Hello! I am happy to be back writing here in my blog, after a turn-of-the-year hiatus and by demand of very clear, poignant and pivotal events of late. In this blog, I am embarking in an area that is not often openly talked about and is quite a complex, layered, and profound area of the human experience. For some time now, what has been brought to my attention once again, is the grieving process, the stages of grief and my own personal layers of grief that began in earnest with the death of my six-year-old sister when I was eleven years old. For me, grief had been a very scary and sensitive topic (death and dying included) and I avoided or denied those feelings with some underlying. I was a young girl, just in the 6th grade and the space and stages of grieving were paused and delayed in earnest until I was about eighteen years old and a freshman in college. It was a car accident where I was injured, shaken up and overall, experienced trauma and stress, and was the catalyst to a profound spiritual awakening and the earnest start in my search for meaning and truth. It also was the impetus of my own conscious grieving process of the physical death of my only sister and my desire to connect with her spiritually. This process has been a constant, as with every death “out there,” all loss and grief is re-triggered for me. And like everything in life and personal growth, progress not perfection has been my ally as I continue to navigate the many losses and feel the grief in my life and in the collective. One of the ways that I process and integrate loss and grief now is through my art practice and I will be blogging more about art, healing and grief in subsequent blog posts… stay tuned.
Here are my observations right now and what inspired this post today. The veils are certainly thin these days, and I am being reminded once again how truly precious life on Earth is, to cherish every moment and to continue to LOVE above all else, especially when the external realities are extreme and polarizing.
Sobunfu and I at the Rowe Center, MA, June 2000
This is from January 19, 2017: Today I started my day like many others, morning rituals, welcoming a new day to embrace, embark and do my very best.
I learned of the passing of one of my very special teachers, a powerful healer named Sobonfu Somé. I do not know the details of her passing to the Spirit world other than the fact the she was with her family in Burkina Faso. What I do know deep in my bones, is the impact that she had on me and the sweet memories I have with her, studying her books, learning from her culture, the Dagara in Burkina Faso and most importantly, being with her in sacred ritual at the Rowe Camp and at the Omega Institute in NY, both in 2000. Her name itself means, “keeper of the rituals” and her work and legacy touched many many lives here in the West.
I was introduced to her work through another teacher and mentor of mine who has also passed, Joy Parker, who was studying with Malidoma Somé. I was excited to study with him but destiny guided to study with Sobonfu instead! After devouring her books, I was able to be with her in person at one of her grieving ritual 3-day retreats, this one at the Rowe Center. It was powerful, transformational and taught me about honoring the sacred in everyday life, to honor my ancestors and to embrace grief, something that was and still is a life long learning curve.

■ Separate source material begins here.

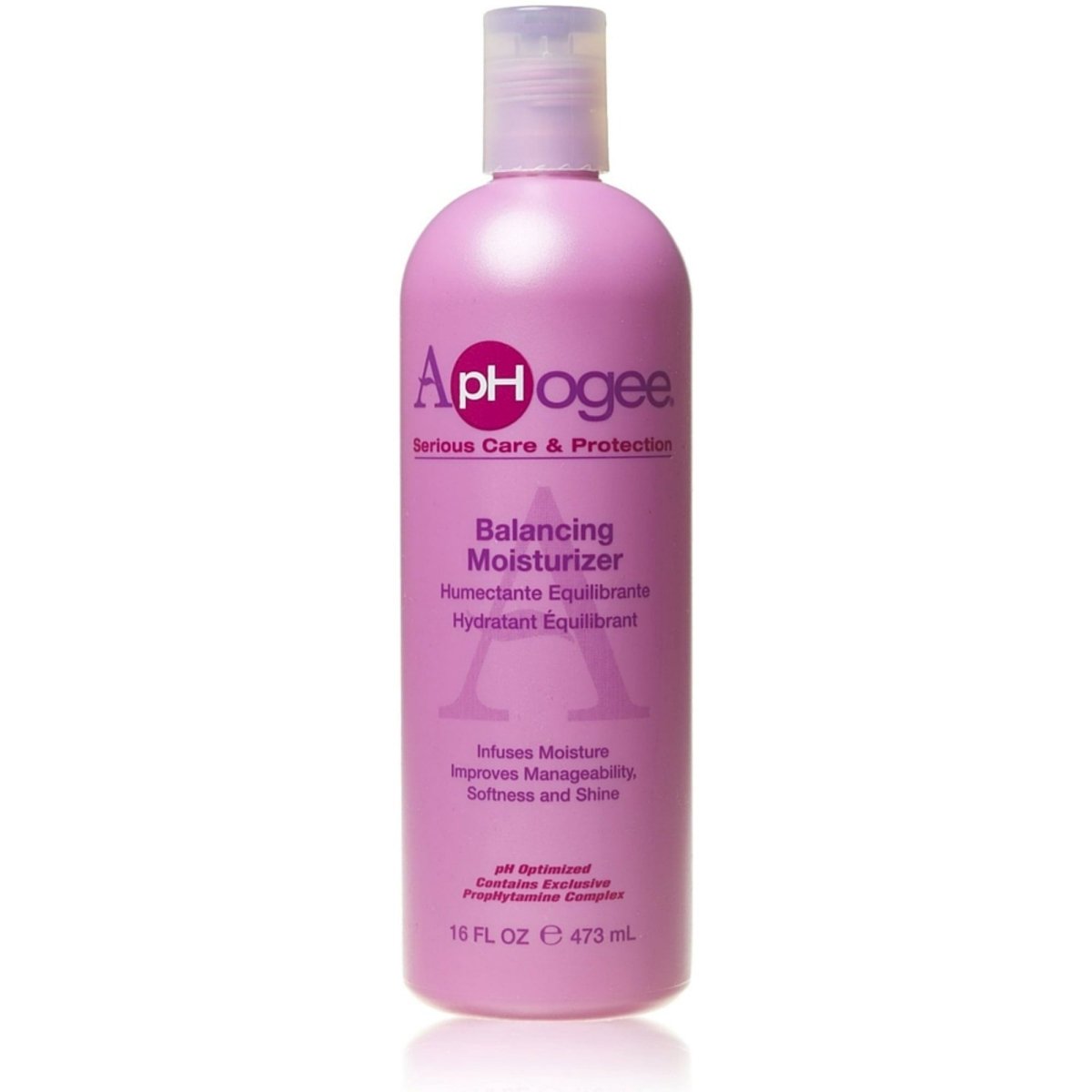 Aphogee Balancing Moisturizer 16 oz - Usa Pro Hair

Sobonfu also taught me about the sacred element Water. She founded Wisdom Spring, working diligently to provide various villages in West Africa with drinking water and to provide resources for education through its various programs including Art for Africa and Walking for Water.
Ironically (or is it?), there is a Grief Ritual scheduled for March 2017 near Washington, D.C.
Anyway, I’m continuing to reflect on how knowing of and receiving Sobonfu’s life gifts here on earth has impacted me and what more I can do to integrate and honor her legacy. To learn more and benefit from her wisdom, visit http://www.sobonfu.com
It is comforting to me to know that she is crossing over to the realm of the ancestors and her Spirit endures through her work and us…
My reflections so far about Sobonfu and her teaching will continue in forthcoming blog posts and revolve around her legacy of discovering and sharing our gifts and for me that includes the healing, art-making and evolving through the grieving process.
Something that I heard today from another wonderful teacher/friend of mine, Georgette Star of the Life Blessing Institute, who said. “I’m learning to “share this intimacy of grief with others who can hold that level of sharing. What an incredible gift to connect heart to heart.” And, with that my friends, I’ll share that my heART is here to heal, to teach and to inspire healing the hearts of others and the world through engaging intimately with the creative process. I truly look forward to sharing my three new art program launches this spring which range from a foundations in art-making course to a program that facilitates a deep dive into your creative healing process with me as your gentle guide.
Thank you for reading and I invite you to share your contributions via comments and connect to me via my Facebook page, explore my Art with Lórien art classes on YouTube, and if you would like to make sure you are notified about more content like this, please sign up for my newsletter here.
May your days be filled with a sense of wonder, love and the spirit of Aloha,
In love, gratitude and beauty…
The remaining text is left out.